● **What the task requires**
All of the entries need to be repeated exactly. Leave nothing out.

Provided records Block Start

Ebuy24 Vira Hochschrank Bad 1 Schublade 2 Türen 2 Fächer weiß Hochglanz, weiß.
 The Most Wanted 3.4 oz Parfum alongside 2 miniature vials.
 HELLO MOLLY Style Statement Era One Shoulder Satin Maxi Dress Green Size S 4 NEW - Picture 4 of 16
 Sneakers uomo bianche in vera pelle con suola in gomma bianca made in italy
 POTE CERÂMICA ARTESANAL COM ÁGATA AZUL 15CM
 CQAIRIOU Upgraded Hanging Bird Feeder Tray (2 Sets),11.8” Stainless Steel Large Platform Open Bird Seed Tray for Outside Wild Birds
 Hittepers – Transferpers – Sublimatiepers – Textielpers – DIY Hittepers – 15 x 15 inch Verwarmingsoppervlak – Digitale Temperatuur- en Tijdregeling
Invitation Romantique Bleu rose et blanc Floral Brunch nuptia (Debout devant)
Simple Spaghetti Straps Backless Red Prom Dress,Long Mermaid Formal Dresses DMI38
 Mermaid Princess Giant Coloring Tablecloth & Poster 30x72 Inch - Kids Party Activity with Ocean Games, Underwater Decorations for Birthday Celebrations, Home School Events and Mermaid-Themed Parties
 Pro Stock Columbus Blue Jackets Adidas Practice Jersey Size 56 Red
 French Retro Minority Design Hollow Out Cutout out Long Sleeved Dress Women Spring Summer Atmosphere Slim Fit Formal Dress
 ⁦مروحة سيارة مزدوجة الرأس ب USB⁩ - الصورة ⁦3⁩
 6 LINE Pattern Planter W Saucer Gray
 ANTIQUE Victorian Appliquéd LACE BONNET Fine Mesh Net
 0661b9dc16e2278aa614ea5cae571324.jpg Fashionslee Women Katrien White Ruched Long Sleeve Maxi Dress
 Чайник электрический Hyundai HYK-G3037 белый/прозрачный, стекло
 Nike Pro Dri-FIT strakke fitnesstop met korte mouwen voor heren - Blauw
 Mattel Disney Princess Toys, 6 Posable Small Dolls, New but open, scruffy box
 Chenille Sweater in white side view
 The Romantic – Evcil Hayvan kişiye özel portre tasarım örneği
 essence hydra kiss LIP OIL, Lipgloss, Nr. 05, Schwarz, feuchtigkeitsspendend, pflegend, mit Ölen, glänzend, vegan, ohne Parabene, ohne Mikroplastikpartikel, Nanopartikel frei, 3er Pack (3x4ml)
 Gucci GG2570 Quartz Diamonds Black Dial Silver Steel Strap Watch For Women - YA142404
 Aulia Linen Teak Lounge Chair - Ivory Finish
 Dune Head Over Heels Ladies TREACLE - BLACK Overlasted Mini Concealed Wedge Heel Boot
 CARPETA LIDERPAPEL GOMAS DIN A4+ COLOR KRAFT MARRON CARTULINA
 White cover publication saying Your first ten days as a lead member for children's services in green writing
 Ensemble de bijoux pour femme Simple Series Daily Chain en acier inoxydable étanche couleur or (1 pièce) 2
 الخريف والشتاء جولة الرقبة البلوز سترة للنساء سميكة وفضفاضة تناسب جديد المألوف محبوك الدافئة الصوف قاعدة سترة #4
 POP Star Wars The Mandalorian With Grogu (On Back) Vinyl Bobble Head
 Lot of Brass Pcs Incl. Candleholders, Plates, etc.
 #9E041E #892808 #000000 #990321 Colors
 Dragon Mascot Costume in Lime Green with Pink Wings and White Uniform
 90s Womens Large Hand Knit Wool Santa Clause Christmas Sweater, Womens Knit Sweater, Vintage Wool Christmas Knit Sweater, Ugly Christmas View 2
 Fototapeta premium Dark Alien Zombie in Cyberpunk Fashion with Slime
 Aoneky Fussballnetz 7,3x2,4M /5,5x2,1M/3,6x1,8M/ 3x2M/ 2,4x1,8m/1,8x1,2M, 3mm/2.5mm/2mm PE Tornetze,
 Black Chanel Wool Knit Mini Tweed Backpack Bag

Provided records Block End

● **Task result**
Ebuy24 Vira Hochschrank Bad 1 Schublade 2 Türen 2 Fächer weiß Hochglanz, weiß.
 The Most Wanted 3.4 oz Parfum alongside 2 miniature vials.
 HELLO MOLLY Style Statement Era One Shoulder Satin Maxi Dress Green Size S 4 NEW - Picture 4 of 16
 Sneakers uomo bianche in vera pelle con suola in gomma bianca made in italy
 POTE CERÂMICA ARTESANAL COM ÁGATA AZUL 15CM
 CQAIRIOU Upgraded Hanging Bird Feeder Tray (2 Sets),11.8” Stainless Steel Large Platform Open Bird Seed Tray for Outside Wild Birds
 Hittepers – Transferpers – Sublimatiepers – Textielpers – DIY Hittepers – 15 x 15 inch Verwarmingsoppervlak – Digitale Temperatuur- en Tijdregeling
Invitation Romantique Bleu rose et blanc Floral Brunch nuptia (Debout devant)
Simple Spaghetti Straps Backless Red Prom Dress,Long Mermaid Formal Dresses DMI38
 Mermaid Princess Giant Coloring Tablecloth & Poster 30x72 Inch - Kids Party Activity with Ocean Games, Underwater Decorations for Birthday Celebrations, Home School Events and Mermaid-Themed Parties
 Pro Stock Columbus Blue Jackets Adidas Practice Jersey Size 56 Red
 French Retro Minority Design Hollow Out Cutout out Long Sleeved Dress Women Spring Summer Atmosphere Slim Fit Formal Dress
 ⁦مروحة سيارة مزدوجة الرأس ب USB⁩ - الصورة ⁦3⁩
 6 LINE Pattern Planter W Saucer Gray
 ANTIQUE Victorian Appliquéd LACE BONNET Fine Mesh Net
 0661b9dc16e2278aa614ea5cae571324.jpg Fashionslee Women Katrien White Ruched Long Sleeve Maxi Dress
 Чайник электрический Hyundai HYK-G3037 белый/прозрачный, стекло
 Nike Pro Dri-FIT strakke fitnesstop met korte mouwen voor heren - Blauw
 Mattel Disney Princess Toys, 6 Posable Small Dolls, New but open, scruffy box
 Chenille Sweater in white side view
 The Romantic – Evcil Hayvan kişiye özel portre tasarım örneği
 essence hydra kiss LIP OIL, Lipgloss, Nr. 05, Schwarz, feuchtigkeitsspendend, pflegend, mit Ölen, glänzend, vegan, ohne Parabene, ohne Mikroplastikpartikel, Nanopartikel frei, 3er Pack (3x4ml)
 Gucci GG2570 Quartz Diamonds Black Dial Silver Steel Strap Watch For Women - YA142404
 Aulia Linen Teak Lounge Chair - Ivory Finish
 Dune Head Over Heels Ladies TREACLE - BLACK Overlasted Mini Concealed Wedge Heel Boot
 CARPETA LIDERPAPEL GOMAS DIN A4+ COLOR KRAFT MARRON CARTULINA
 White cover publication saying Your first ten days as a lead member for children's services in green writing
 Ensemble de bijoux pour femme Simple Series Daily Chain en acier inoxydable étanche couleur or (1 pièce) 2
 الخريف والشتاء جولة الرقبة البلوز سترة للنساء سميكة وفضفاضة تناسب جديد المألوف محبوك الدافئة الصوف قاعدة سترة #4
 POP Star Wars The Mandalorian With Grogu (On Back) Vinyl Bobble Head
 Lot of Brass Pcs Incl. Candleholders, Plates, etc.
 #9E041E #892808 #000000 #990321 Colors
 Dragon Mascot Costume in Lime Green with Pink Wings and White Uniform
 90s Womens Large Hand Knit Wool Santa Clause Christmas Sweater, Womens Knit Sweater, Vintage Wool Christmas Knit Sweater, Ugly Christmas View 2
 Fototapeta premium Dark Alien Zombie in Cyberpunk Fashion with Slime
 Aoneky Fussballnetz 7,3x2,4M /5,5x2,1M/3,6x1,8M/ 3x2M/ 2,4x1,8m/1,8x1,2M, 3mm/2.5mm/2mm PE Tornetze,
 Black Chanel Wool Knit Mini Tweed Backpack Bag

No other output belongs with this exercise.